Photo by Oliver Roos on Unsplash
One of the enduring memories of the past twenty years and some of work is getting hauled into my Supervisor’s office for a career chat. At the time I was twenty three, fresh off a year of national service quite literally in the middle of nowhere and two weeks into my first proper job. My Supervisor on the other hand was a stern, no-frills expat, fresh off an assignment in South East Asia, who fit the dour Scotsman stereotype to a tee, complete with a Protestant work ethic. Prior to said year of national service, I had spent most of growing up in a small town, in a small Nigerian state, the intricacies of corporate life being as alien to me as it would be to a small town boy in a King’s court.
The job was as one of five new hires, four of us fresh graduates. It was at one of the oil & gas exploration companies in the country and paid more in that first year than what my father – a 30 year University Professor at the time – earned. It was, to put it mildly, the very definition of life changing money. Over time, it would come out that someone in the great corporate behemoth had the idea to recruit fresh grads for the first time in nearly a decade, the intent being to organically develop talent for a change rather than poach from elsewhere.
The chat boiled down to one question – what path I was interested in pursuing over my putative career with the company.
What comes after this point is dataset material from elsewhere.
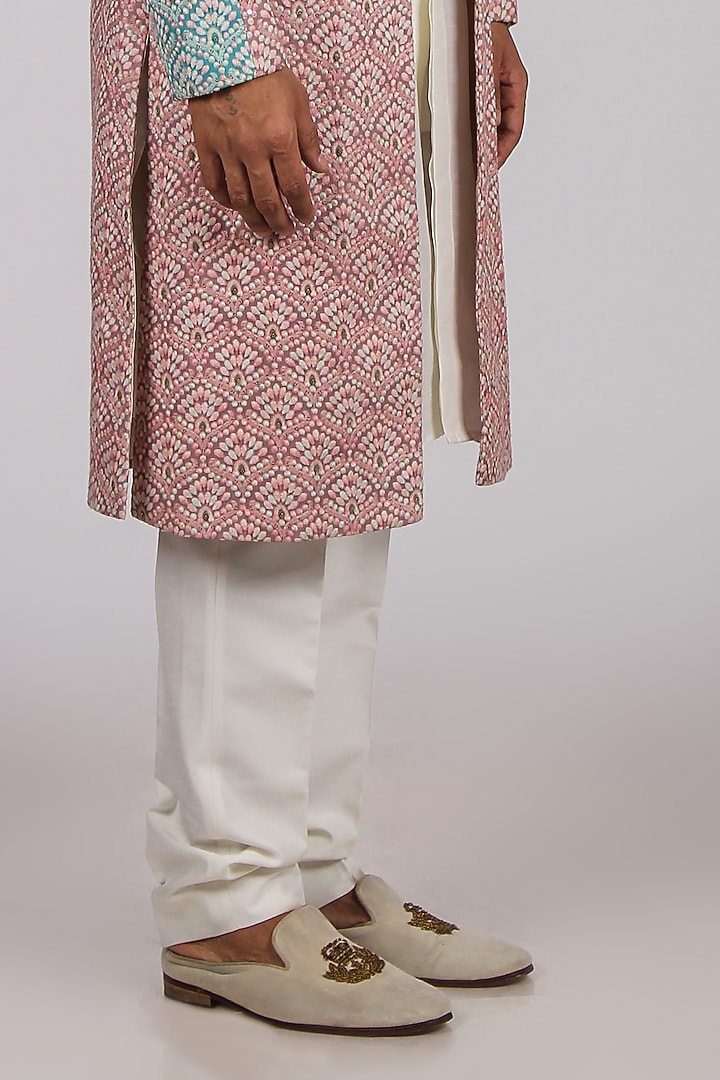 Rose Red & Coral Blue Jacquard Wedding Indowestern Set by Dapper & Dare at Pernia's Pop Up Shop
As I recall it, he leaned back in his chair, hands on his head and proceeded to describe a parable of ladders, one technical and one managerial. The choice before me was between being a specialist or a generalist. My choice that day was to be a specialist, the allure of a niche specialty, being a purveyor of somewhat esoteric knowledge, and the one example I knew being some of the things which predisposed me to that choice.
The generalist v. specialist debate is one which continues to simmer, presumably for the very reason that there are pros and cons to both. In perhaps the most popular book on the subject, Range, David Epstein weighs in on the side of the generalists, concluding that people who think broadly(generalists) have an inherent advantage over experts (specialists) in a world where computers (LLMs perhaps?) are eating the world. AI and the “death” of expertise is relevant in this regard.
At first glance Cal Newport, of the Deep Work and So Good They Can’t Ignore You fame appears to fly the flag for specialists. A deeper look however suggests things might be a bit more nuanced than that, particularly when viewed through the lens of career capital and the five habits of a craftsman he espouses.
It seems to me therefore, that it is perhaps not an either or question, but a both and one, one which must necessarily take into account the intersection of the individual, their personality and the opportunities available at any given time. In my case, my Enneagram 5/ INTJ type lends itself to a motivation for knowledge, hence the joy I have derived from a deep, somewhat niche specialty. Being somewhat introverted has also been a consideration, as being a specialist has led me down the Independent Contributor route, rather than a supervisory/ managerial one.
My niche specialty has also opened doors across multiple continents, enabling to some extent the luxury of being prodigal. With the benefit of twenty years and a bit under my belt, that decision appears to have been a good (if not the right) one. I wonder though, if that will remain the case over the next twenty.